* [Extracted data]:
[Start of section]
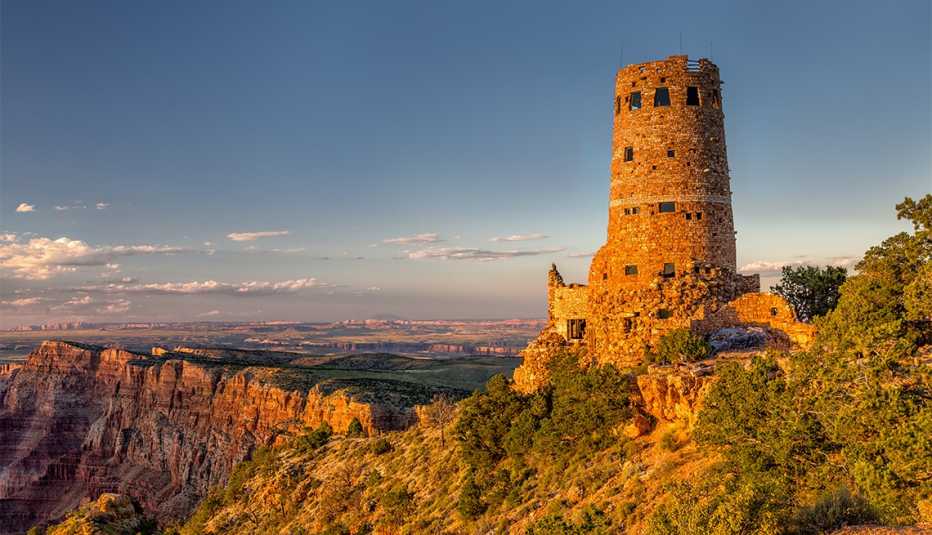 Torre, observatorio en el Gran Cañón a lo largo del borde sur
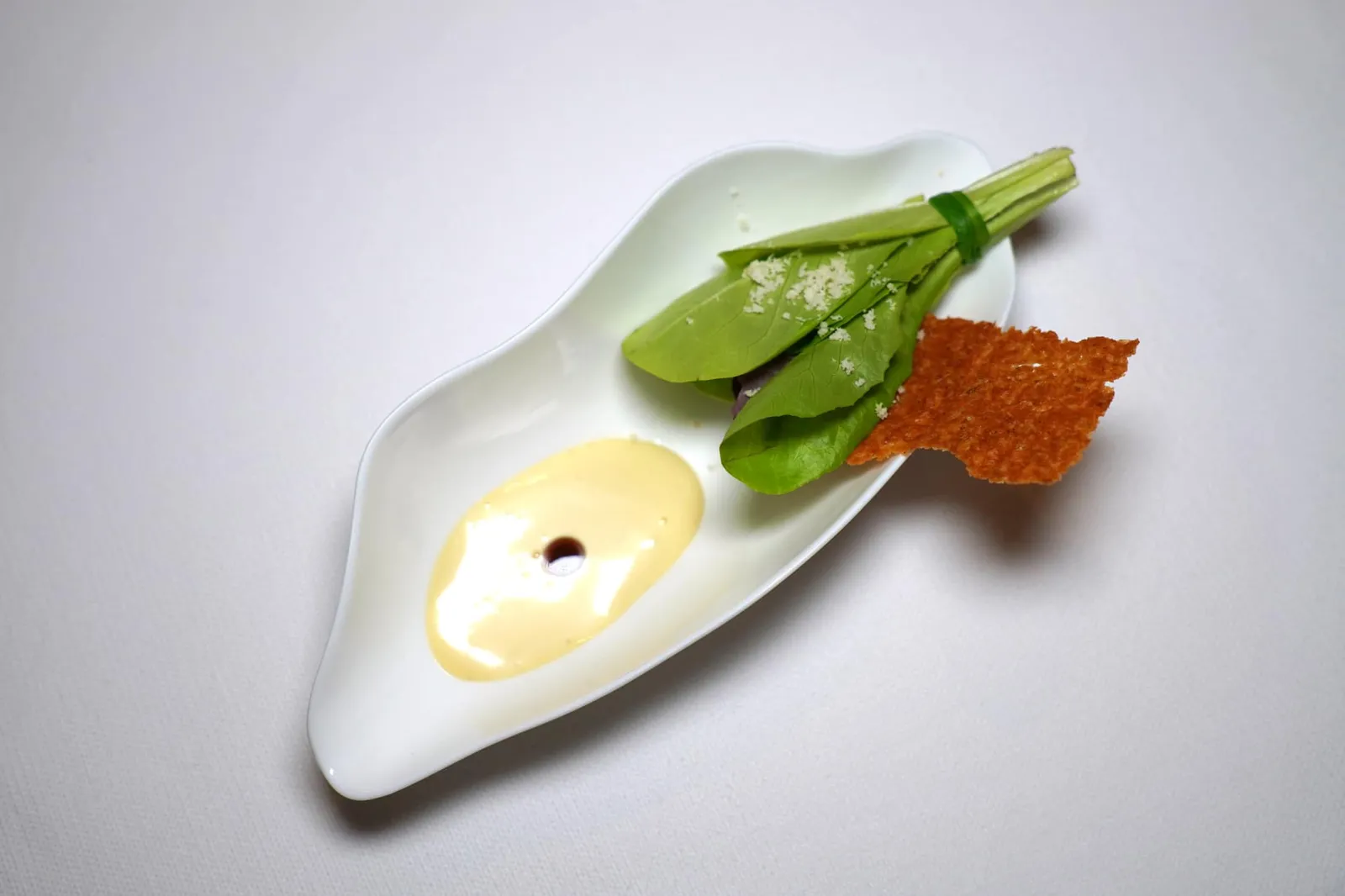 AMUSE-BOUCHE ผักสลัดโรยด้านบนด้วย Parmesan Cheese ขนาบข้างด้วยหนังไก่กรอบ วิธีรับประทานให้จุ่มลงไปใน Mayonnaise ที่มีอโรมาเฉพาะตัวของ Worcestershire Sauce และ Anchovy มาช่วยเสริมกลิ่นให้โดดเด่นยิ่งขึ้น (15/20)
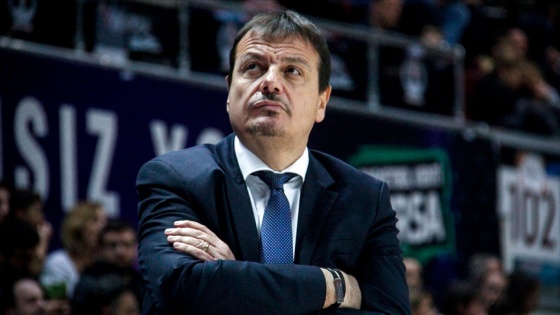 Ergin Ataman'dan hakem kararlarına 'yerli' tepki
[End of section]
[Start of section]
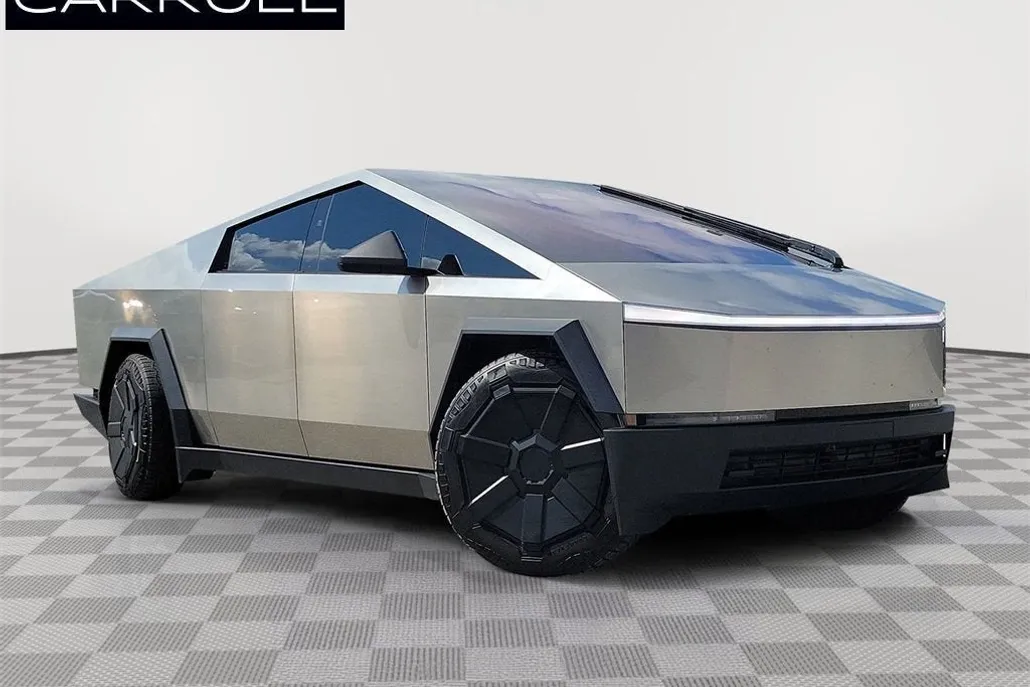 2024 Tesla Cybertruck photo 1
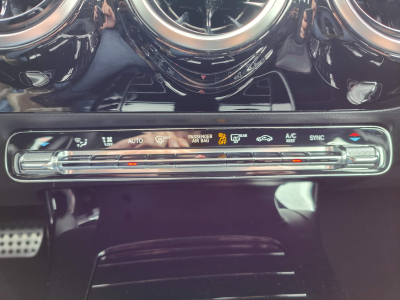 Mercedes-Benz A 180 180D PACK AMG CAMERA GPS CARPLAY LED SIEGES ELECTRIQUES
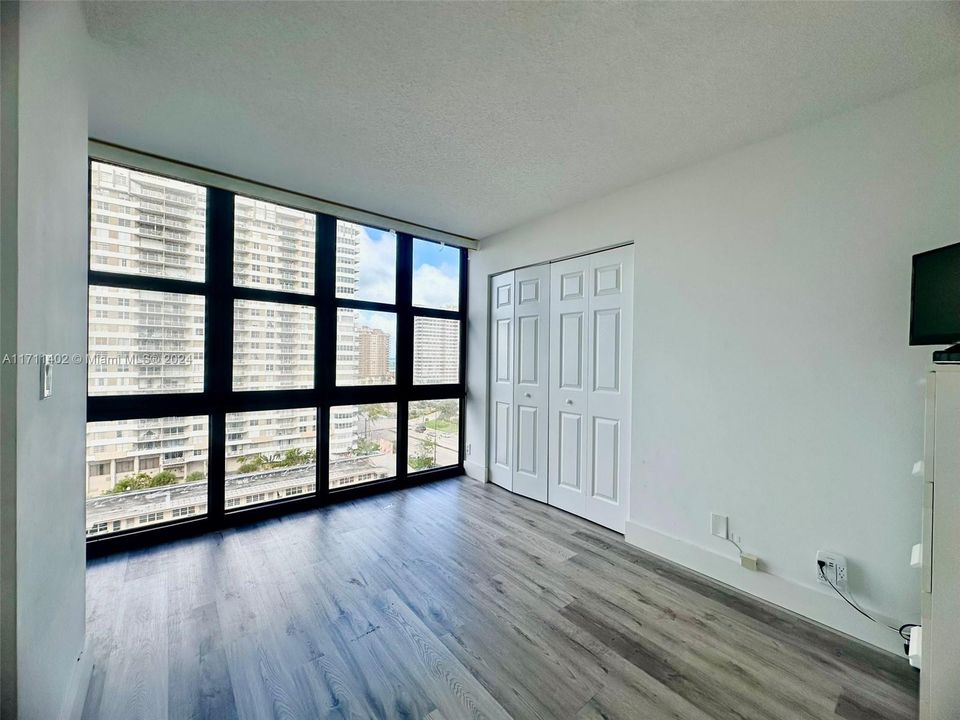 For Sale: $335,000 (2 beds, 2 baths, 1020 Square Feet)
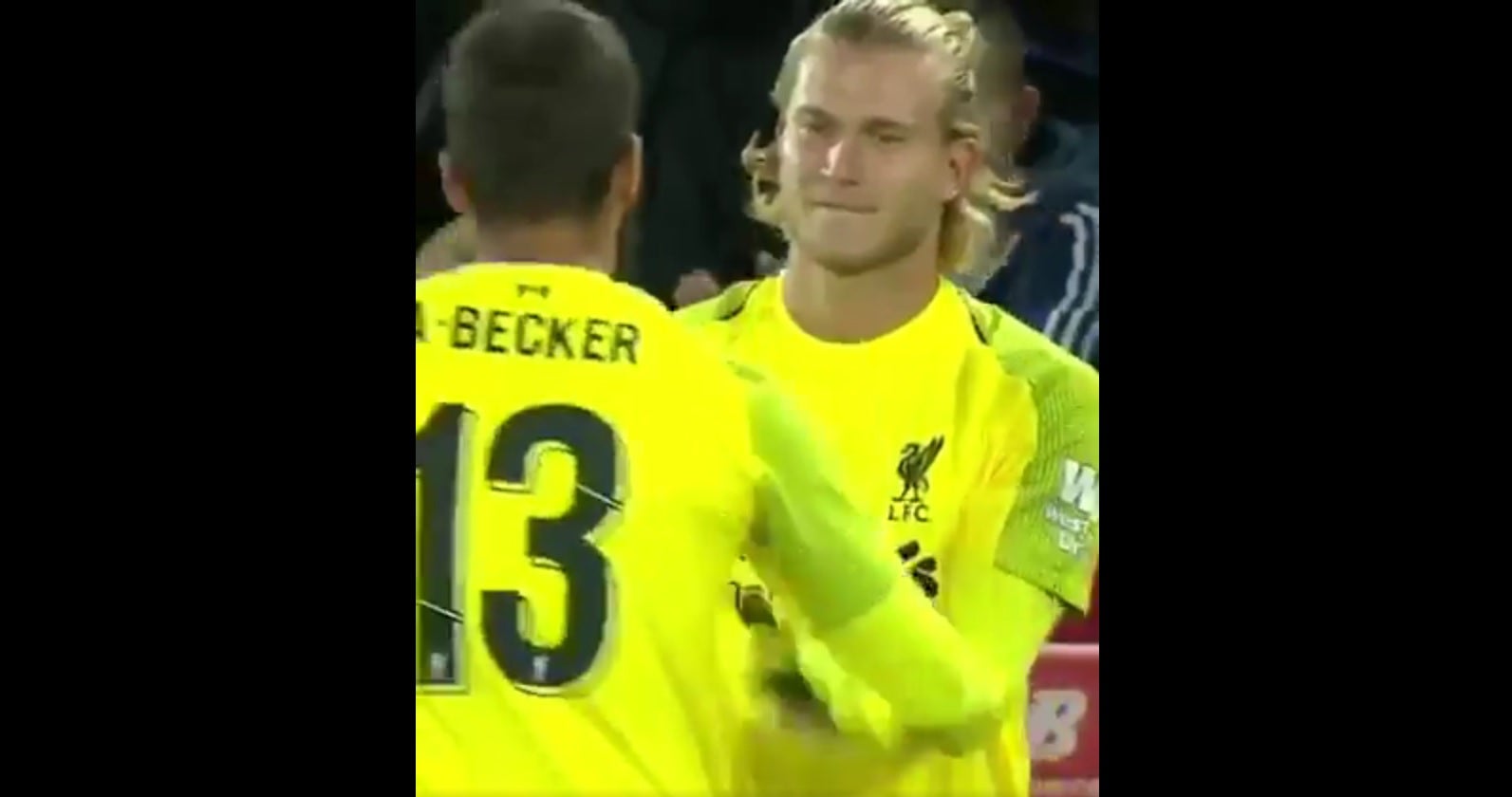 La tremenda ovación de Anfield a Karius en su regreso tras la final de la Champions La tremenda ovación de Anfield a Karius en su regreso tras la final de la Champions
[End of section]
* [Aim of the exercise]: Restate word for word the lines of the data above that begin at the line with "AMUSE-BOUCHE ผักสลัดโรยด้านบนด้วย Parmesan" and end at the line with "Ergin Ataman'dan hakem", keeping both ends and dropping every picture.

* [Expected answer]:
 AMUSE-BOUCHE ผักสลัดโรยด้านบนด้วย Parmesan Cheese ขนาบข้างด้วยหนังไก่กรอบ วิธีรับประทานให้จุ่มลงไปใน Mayonnaise ที่มีอโรมาเฉพาะตัวของ Worcestershire Sauce และ Anchovy มาช่วยเสริมกลิ่นให้โดดเด่นยิ่งขึ้น (15/20)
 Ergin Ataman'dan hakem kararlarına 'yerli' tepki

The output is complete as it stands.